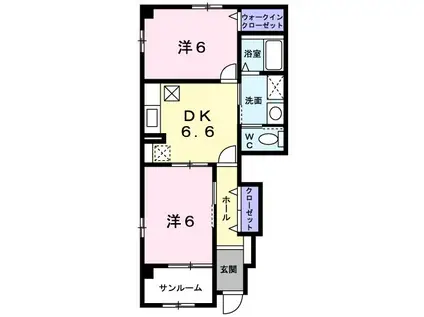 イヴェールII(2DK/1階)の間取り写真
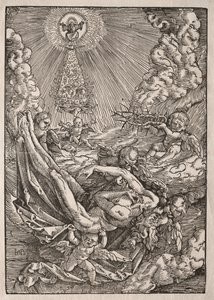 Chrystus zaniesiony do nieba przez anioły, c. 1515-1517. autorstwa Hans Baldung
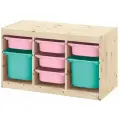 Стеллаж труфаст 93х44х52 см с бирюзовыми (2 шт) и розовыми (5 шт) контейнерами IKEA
...
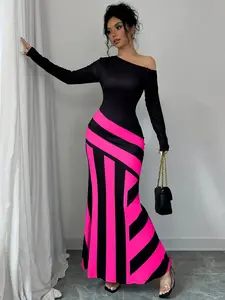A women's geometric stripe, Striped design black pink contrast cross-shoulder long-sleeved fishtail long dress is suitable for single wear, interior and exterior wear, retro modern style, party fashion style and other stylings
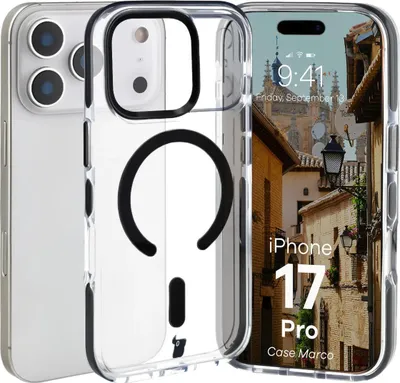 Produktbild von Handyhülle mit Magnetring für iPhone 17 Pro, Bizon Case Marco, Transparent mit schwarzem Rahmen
--
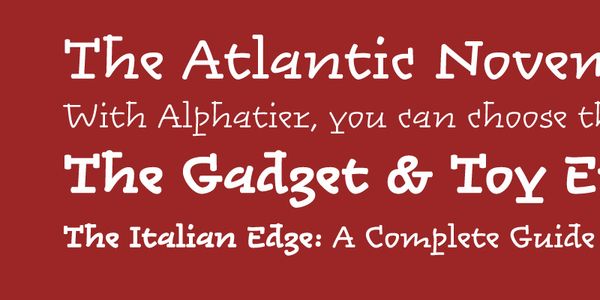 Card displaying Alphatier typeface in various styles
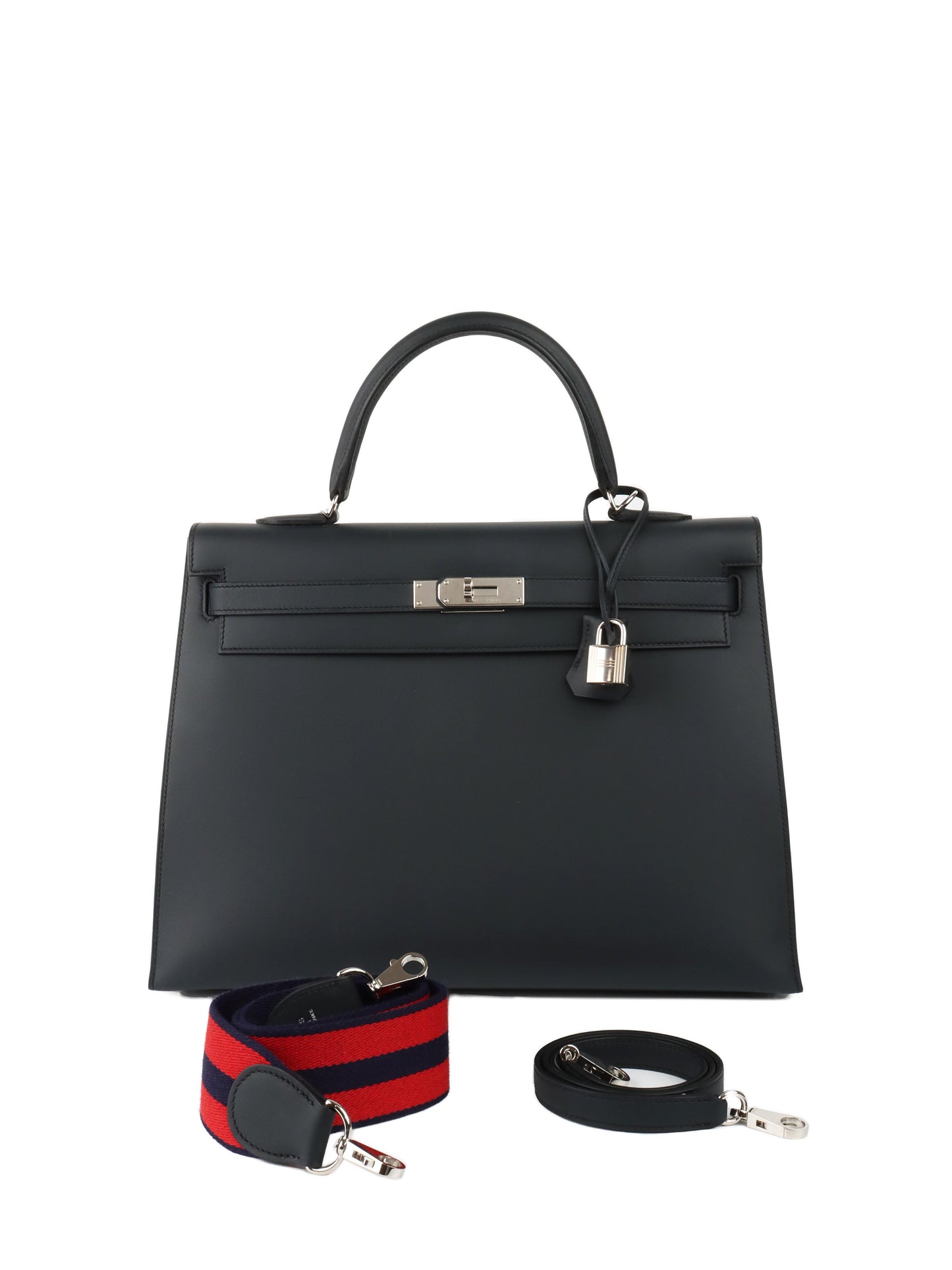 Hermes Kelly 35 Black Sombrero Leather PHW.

*WHAT YOU NEED TO DO:*
Set down again, exactly, every line above from the one with "Card displaying Alphatier" down to the one with "Hermes Kelly 35 Black Sombrero Leather PHW.", both ends included. No pictures, and nothing else.

*TASK ANSWER:*
 Card displaying Alphatier typeface in various styles
 Hermes Kelly 35 Black Sombrero Leather PHW.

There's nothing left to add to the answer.